No es nueva la falta de respuesta oportuna y eficaz del Estado mexicano ante tragedias como la de Ayotzinapa, tampoco es inédito el retraso en las investigaciones para identificar y apresar a los culpables, aunque se acompañen de un discurso oficial de indignación por los hechos ocurridos . Dilatar las indagatorias ha sido parte de la ausencia de responsabilidad y de la falta de rendición de cuentas, que junto con una deficiente procuración de justicia, heredamos de nuestro pasado autoritario.

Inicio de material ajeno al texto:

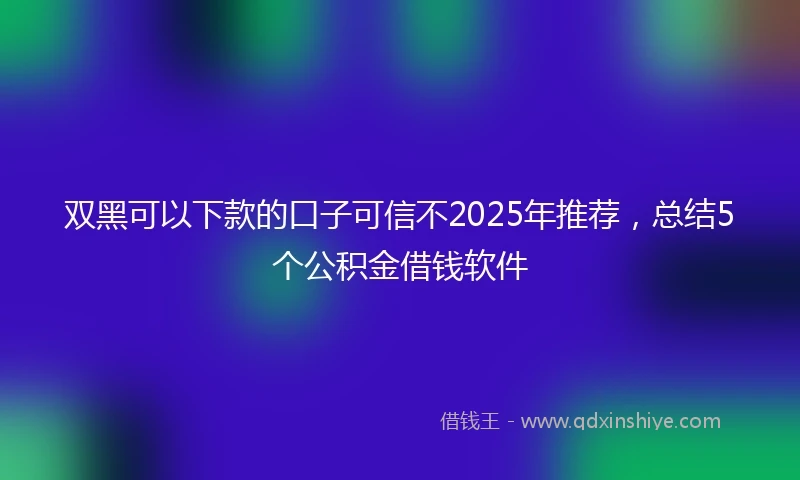 双黑可以下款的口子可信不2025年推荐，总结5个公积金借钱软件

Tal parece que hoy, las autoridades siguen apostando a que el paso del tiempo desvanezca la inconformidad y coloque a los agravios y a la indignación en el cajón del olvido, al ser rebasados por nuevos eventos que atrapan la atención de la opinión publicada.

La gravedad del caso Ayotzinapa y la manera como condensa de manera dramática las fallas de nuestro estado de derecho, no han logrado desplazar la atención de la sociedad al respecto, todo lo contrario. Las protestas y manifestaciones de estudiantes y organizaciones sociales han ido creciendo y se han sumado reiterados pronunciamientos de organismos internacionales que defienden los derechos humanos y que reclaman que se intensifiquen los esfuerzos del gobierno no sólo para aprehender policías involucrados, sino para identificar a las personas encontradas en las fosas clandestinas que ya suman 11.

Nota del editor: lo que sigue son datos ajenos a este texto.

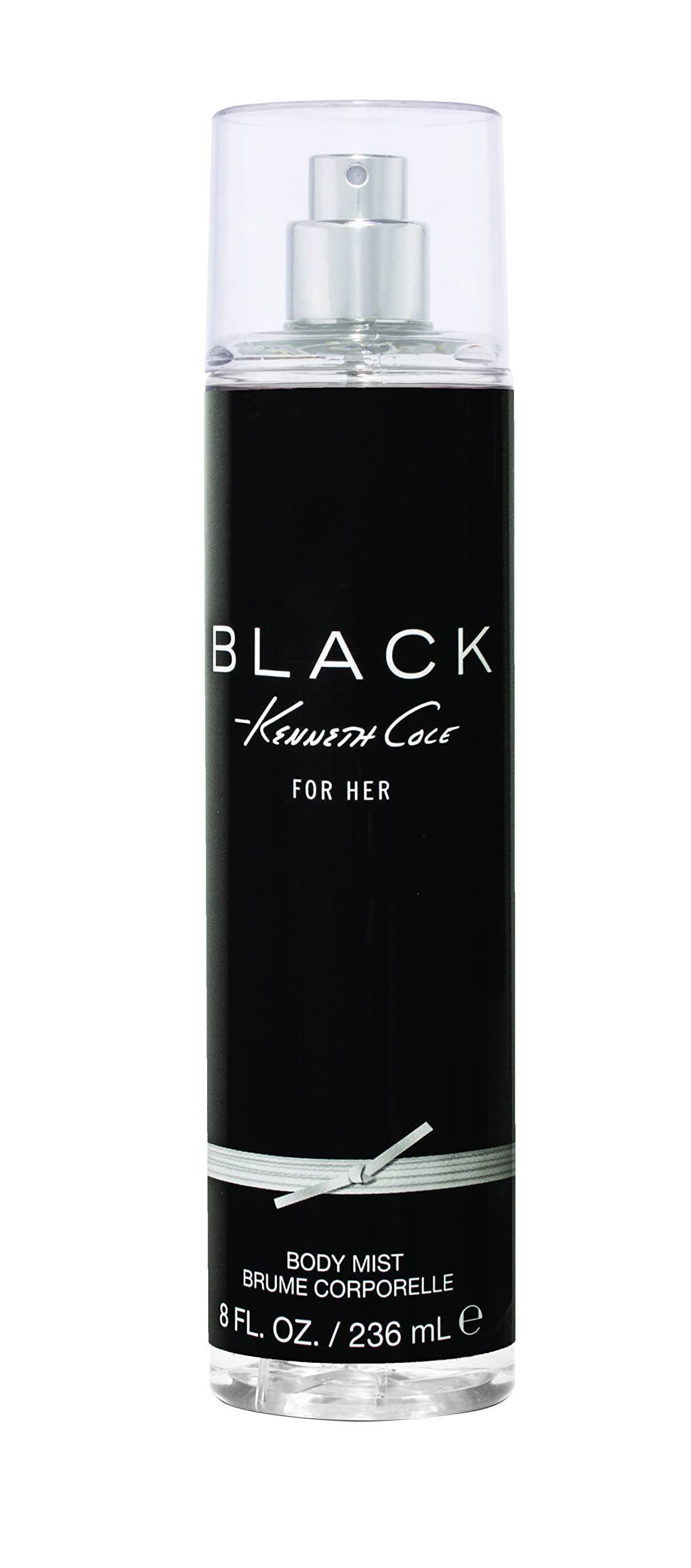 Kenneth Cole Black For Her front bottle view showing feminine packaging and clear scent appeal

A un mes de las muertes y desapariciones forzadas de los normalistas y mientras se siguen acumulando en las fosas nuevos cuerpos sin identificación, es urgente escuchar la voz de las protestas, no sólo para atender las justas demandas de los familiares, que también son de la sociedad toda, sino para evaluar el ambiente de crispación y enojo que se está extendiendo y que, a falta de respuestas de las autoridades, amenaza con rebasar los límites legales de la expresión libre de la inconformidad.

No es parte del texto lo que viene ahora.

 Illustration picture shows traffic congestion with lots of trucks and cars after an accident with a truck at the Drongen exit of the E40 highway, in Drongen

La manifestación del pasado jueves 23 de octubre, en la ciudad de México, en la que participaron padres de los normalistas desaparecidos y que se replicó en muchas ciudades capitales del país, fue una demostración pacífica de la capacidad de convocatoria y de coordinación de estudiantes de universidades públicas y privadas. Fueron marchas de solidaridad con las familias de los secuestrados que muestran que hay confianza en que se puedan resolver las cosas dentro de los cauces institucionales.

Pero, no todas las protestas tienen la misma capacidad de contención del enojo y la desesperanza frente a la injusticia. El día anterior fuimos testigos de la manifestación de un grupo de encapuchados que incendiaron el Palacio Municipal de Iguala y destrozaron los comercios de la Plaza Tamarindos, propiedad Abarca, el edil prófugo, acusado por la propia PGR de complicidad con la delincuencia organizada.

Esta protesta, cargada de vandalismo y violencia, no es un caso aislado, diez días antes, manifestantes que reclamaban la aparición de los estudiantes secuestrados, habían incendiado el Palacio de Gobierno de Guerrero, con la misma virulencia que la más reciente.

En mi opinión, este tipo de protestas son reprobables porque responden a la violencia de las desapariciones forzadas con más violencia, aunque de carácter social, y porque son actos que dañan el tejido social. Lo que parece claro es que cuando la justicia no llega, el dolor se convierte en rabia que puede fácilmente extenderse en una sociedad fragmentada, pero cada vez más desesperanzada por la falta de responsabilidades claras frente a violaciones flagrantes.

Más allá del rechazo que merecen este tipo de actos violentos, el Estado debe escuchar y leer con cuidado los mensajes que envían los distintos tipos de protestas y debe de hacerlo ya, so pena de que las manifestaciones pacíficas y ordenadas cedan el paso a las más violentas que retroalimentan el desconcierto y la desconfianza.